Discriminator is too strong. Lower D learning rate, reduce D updates per G update, or add noise to D's inputs (label smoothing or instance noise).

Training loss oscillates wildly

Learning rates too high, or batch size too small. Try halving both LRs first. If that doesn't help, increase batch size or add gradient penalty.

Good samples early, then quality degrades

The generator may be overfitting or the adversarial balance shifted. Save checkpoints frequently and consider learning rate decay in late training.

NaN losses

Gradient explosion. Add gradient clipping (max_norm=1.0), lower learning rates, or check for division by zero in custom loss functions. Also verify your data doesn't contain NaN/inf values.

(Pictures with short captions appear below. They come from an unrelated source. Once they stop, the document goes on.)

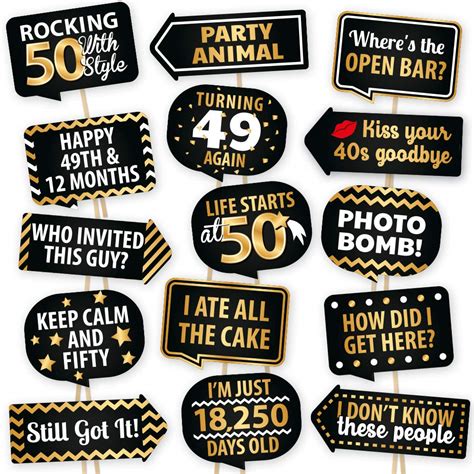 Buy 50th Birthday Photo Booth Props By Partygraphix European Made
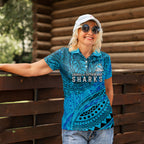 Personalised Cronulla-Sutherland Sharks Women Polo Shirt Polynesian Tribal Art Style With Hammerhead Mascot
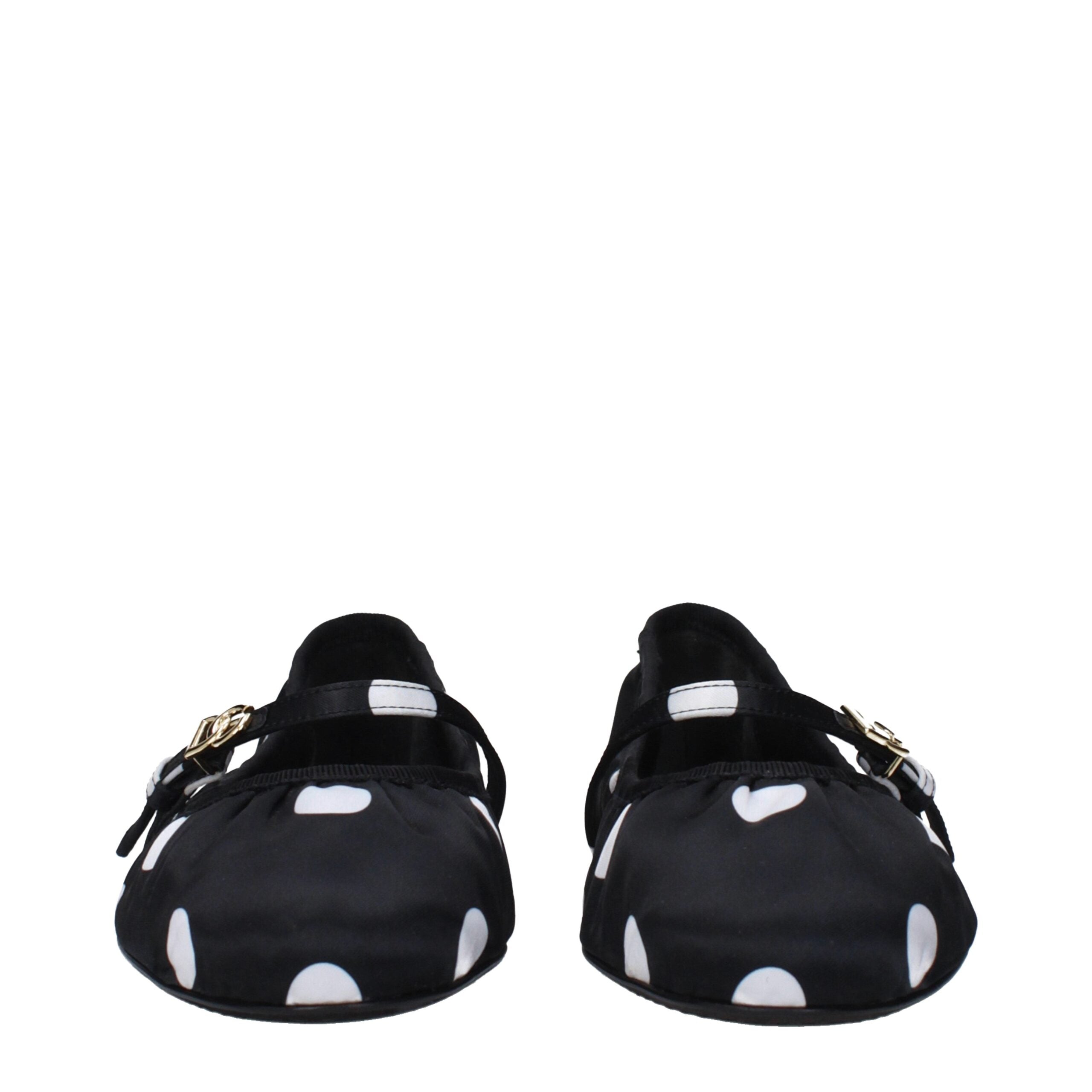Dolce & Gabbana Black Fabric Ballet Women's Flats
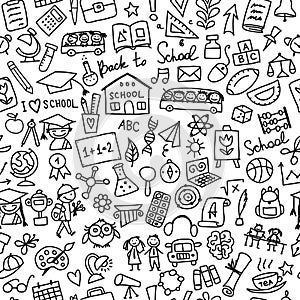 Back to school, seamless pattern for your design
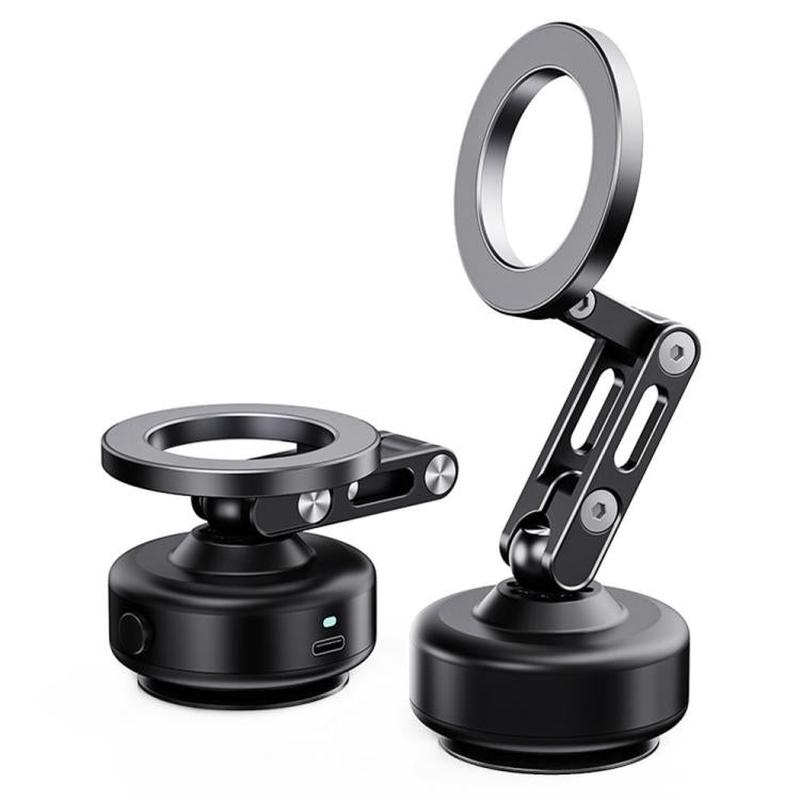 X93 360 Degree Rotation Electric Vacuum Suction Cup Aluminum Alloy Magnetic Car Cellphone Mount(Black)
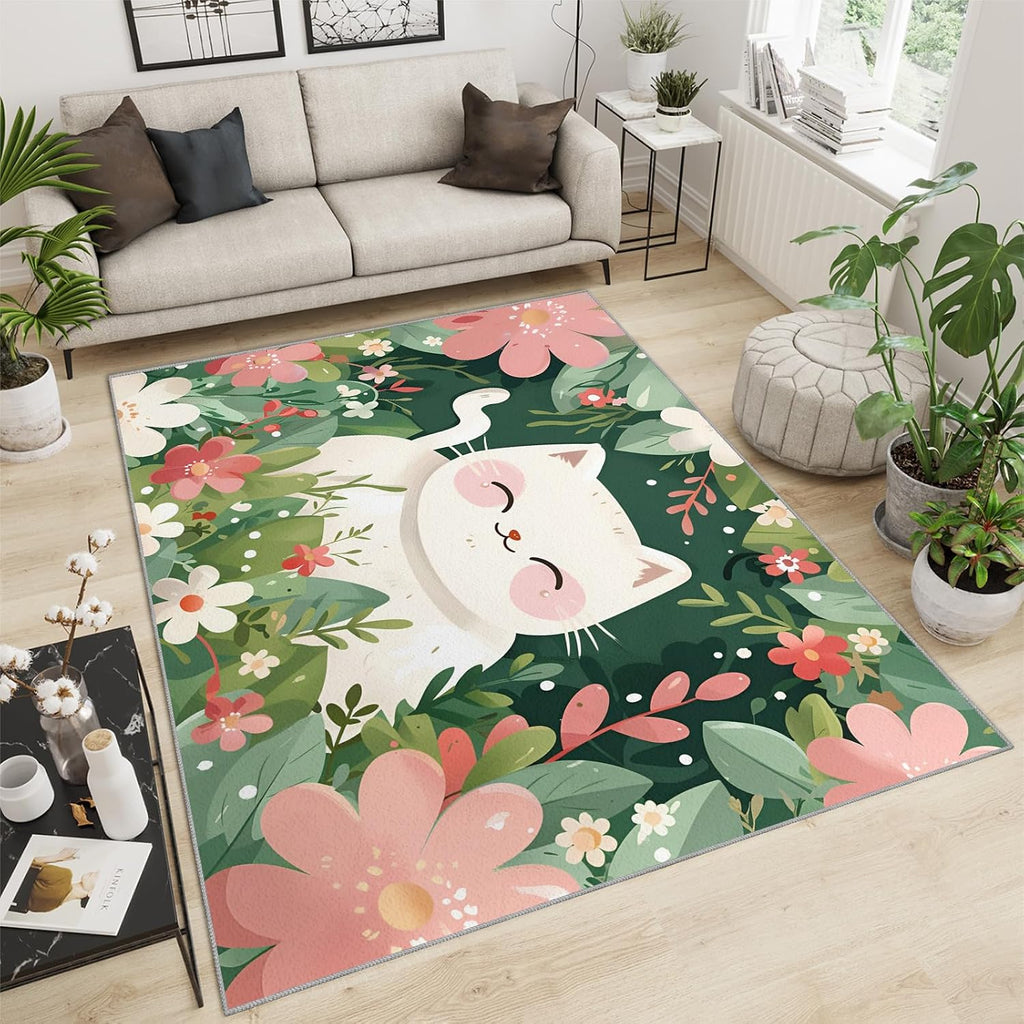 Cat in The Garden Rug for Kids Room - 6x8 Large Rug, Animal Cat Rugs for Bedroom Watercolor Flowers Area Rugs for Living Room Home Decor Washable Rug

The GAN Training Checklist

Before you start training, run through this:

  • ☐ Data cleaned, aligned, and normalized to [-1, 1]
  • ☐ Architecture validated on a known dataset
  • ☐ Single-image overfit test passed
  • ☐ Learning rates set (try 1e-4 / 1e-4 or TTUR)
  • ☐ Adam betas adjusted (beta1=0.0 or 0.5)
  • ☐ Loss function chosen (WGAN-GP or hinge recommended)
  • ☐ Image saving callback configured (every N steps)
  • ☐ Checkpoint saving enabled
  • ☐ FID evaluation scheduled
  • ☐ GPU memory checked (reduce batch size if needed)